As we sat there, we went from laughing at how recognizable Nancy’s behavior is at the beginning of the film as the trope of an overly concerned Midwestern mom, to cringing as she continues to make one faux pas after another and hurls towards the definition of “unhinged.” The storyline line is unsettling from the start, and you can never quite relax. The movie is confusing because it is neither a hard-core thriller nor a muder-mystery, which made me unsettled. An article by ABC sums it up perfectly: “As it is, Holland is neither camp nor wry enough to descend into a full-blown farce, nor serious enough to be an actual propulsive crime mystery thriller.” Holland is disturbing because its transition from slow-moving domestic thriller to cold-blooded crime scene feels like an unbelievable stretch—and not in a satisfying way.
Ultimately, Holland Offers A Substantive Yet Uncompelling Commentary on Women’s Intuition
Perhaps the primary reason Holland is disturbing is because about halfway through the movie, viewer and Nancy alike are convinced she’s crazy. Her intuitions have led her to make unfounded and seemingly silly accusations, and to make imprudent and selfish choices. And yet, at the end of the day, Nancy’s gut instincts are right—Fred is lying, and though the truth is far beyond anything she could have imagined, her intuition was not simply a cruel joke. In fact, it’s a reliable asset that helps free Nancy from a life of false pretense and stifling and unsustainable perfection. Even so, Holland doesn’t do anything to redeem Nancy’s intuition (unless you count her ridding this earth of Fred as a redemptive moment). Instead of showing Nancy using her womanly instincts to crack a case and then handle it with maturity and grace, the whole ending is grotesque, bizarre, and ambiguous (we’re not even allowed to know if it was real, for crying out loud). Additionally, in the process, Nancy begins to become what she fears her husband is: a liar and a cheater. By the end, she (like him) even has blood on her hands. She becomes what she fears.

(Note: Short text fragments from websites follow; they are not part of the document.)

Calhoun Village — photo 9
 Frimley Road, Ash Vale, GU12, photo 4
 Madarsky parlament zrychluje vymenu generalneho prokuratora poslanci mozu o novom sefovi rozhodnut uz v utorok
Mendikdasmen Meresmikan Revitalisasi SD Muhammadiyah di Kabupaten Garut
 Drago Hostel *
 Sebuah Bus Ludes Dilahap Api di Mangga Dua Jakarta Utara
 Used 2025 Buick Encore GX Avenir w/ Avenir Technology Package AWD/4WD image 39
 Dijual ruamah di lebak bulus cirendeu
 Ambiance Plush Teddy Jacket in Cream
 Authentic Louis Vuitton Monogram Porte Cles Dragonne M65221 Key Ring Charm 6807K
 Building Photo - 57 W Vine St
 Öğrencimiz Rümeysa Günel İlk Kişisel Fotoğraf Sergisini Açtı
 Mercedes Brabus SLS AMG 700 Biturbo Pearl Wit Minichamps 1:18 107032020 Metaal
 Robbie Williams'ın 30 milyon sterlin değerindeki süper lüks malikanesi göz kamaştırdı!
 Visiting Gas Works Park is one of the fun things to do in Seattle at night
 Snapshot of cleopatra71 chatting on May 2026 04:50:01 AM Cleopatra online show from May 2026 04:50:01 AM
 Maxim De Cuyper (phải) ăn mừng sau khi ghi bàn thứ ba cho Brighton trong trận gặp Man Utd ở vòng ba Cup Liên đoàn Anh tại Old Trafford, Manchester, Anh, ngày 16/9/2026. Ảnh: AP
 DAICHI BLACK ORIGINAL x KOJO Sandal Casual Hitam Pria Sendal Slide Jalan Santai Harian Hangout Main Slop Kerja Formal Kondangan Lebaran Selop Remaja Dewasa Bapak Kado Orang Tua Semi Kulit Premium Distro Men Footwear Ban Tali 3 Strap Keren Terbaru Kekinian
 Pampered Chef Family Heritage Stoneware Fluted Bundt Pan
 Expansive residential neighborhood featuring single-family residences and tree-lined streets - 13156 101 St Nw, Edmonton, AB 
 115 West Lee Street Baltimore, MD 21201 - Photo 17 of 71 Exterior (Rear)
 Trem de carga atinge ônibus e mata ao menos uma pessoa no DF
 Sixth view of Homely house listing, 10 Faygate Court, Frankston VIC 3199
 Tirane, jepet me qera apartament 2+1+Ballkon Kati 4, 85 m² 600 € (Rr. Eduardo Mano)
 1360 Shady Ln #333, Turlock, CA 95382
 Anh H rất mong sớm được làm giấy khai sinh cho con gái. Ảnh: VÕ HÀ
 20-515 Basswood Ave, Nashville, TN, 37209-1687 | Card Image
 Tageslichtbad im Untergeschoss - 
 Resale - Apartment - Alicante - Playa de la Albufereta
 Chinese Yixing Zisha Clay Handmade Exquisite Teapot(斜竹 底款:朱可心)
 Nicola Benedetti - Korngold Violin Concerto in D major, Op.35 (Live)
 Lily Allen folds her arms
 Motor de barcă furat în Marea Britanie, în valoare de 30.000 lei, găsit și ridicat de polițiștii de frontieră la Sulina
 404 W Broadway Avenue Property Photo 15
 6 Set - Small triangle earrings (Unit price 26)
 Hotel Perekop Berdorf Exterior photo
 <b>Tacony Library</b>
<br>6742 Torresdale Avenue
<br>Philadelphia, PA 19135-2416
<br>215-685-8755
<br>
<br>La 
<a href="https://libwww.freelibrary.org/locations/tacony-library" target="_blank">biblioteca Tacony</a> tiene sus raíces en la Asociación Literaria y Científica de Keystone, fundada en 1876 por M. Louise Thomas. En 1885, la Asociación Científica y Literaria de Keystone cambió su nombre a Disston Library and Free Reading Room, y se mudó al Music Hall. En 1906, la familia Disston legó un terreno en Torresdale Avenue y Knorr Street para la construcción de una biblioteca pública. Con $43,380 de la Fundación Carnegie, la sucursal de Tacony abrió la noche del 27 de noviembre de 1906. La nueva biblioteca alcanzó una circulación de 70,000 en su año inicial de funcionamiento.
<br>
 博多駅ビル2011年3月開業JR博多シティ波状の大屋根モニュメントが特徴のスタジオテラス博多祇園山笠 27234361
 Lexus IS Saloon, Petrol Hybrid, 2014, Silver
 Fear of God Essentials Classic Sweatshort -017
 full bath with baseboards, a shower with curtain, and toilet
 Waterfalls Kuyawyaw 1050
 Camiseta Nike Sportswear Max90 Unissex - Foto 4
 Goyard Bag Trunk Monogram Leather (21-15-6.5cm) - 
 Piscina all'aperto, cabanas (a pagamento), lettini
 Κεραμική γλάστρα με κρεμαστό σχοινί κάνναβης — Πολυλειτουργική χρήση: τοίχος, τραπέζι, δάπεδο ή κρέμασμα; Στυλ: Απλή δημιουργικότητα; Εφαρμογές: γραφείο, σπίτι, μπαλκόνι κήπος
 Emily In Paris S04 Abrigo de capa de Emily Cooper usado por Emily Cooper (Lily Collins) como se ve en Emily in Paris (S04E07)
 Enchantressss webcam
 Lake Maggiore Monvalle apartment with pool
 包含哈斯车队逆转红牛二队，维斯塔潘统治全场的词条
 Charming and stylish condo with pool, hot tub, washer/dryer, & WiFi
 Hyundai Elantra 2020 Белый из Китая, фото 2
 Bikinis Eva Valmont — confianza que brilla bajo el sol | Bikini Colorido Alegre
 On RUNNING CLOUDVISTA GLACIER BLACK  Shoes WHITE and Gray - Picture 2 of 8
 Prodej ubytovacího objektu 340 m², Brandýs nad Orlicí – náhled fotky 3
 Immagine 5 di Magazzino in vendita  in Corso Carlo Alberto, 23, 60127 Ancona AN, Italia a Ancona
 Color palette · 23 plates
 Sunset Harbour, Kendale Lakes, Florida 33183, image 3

We’re supposed to believe she’s liberated at the end, but somehow the ending feels hollow and insufficient.
At the end of the day, Holland had the potential to be an artistically and philosophically interesting and intense movie. Unfortunately, the uneven nature of the film, paired with a mediocre script can’t be redeemed solely by the talented cast’s capable and good-faith effort. The ambiguous close of the film left me more unsettled than satisfied. After such a painful ordeal, I had hoped for something conclusive to mull over, even if I didn’t like its implications. But maybe that is the point—nothing in Holland is as it seems.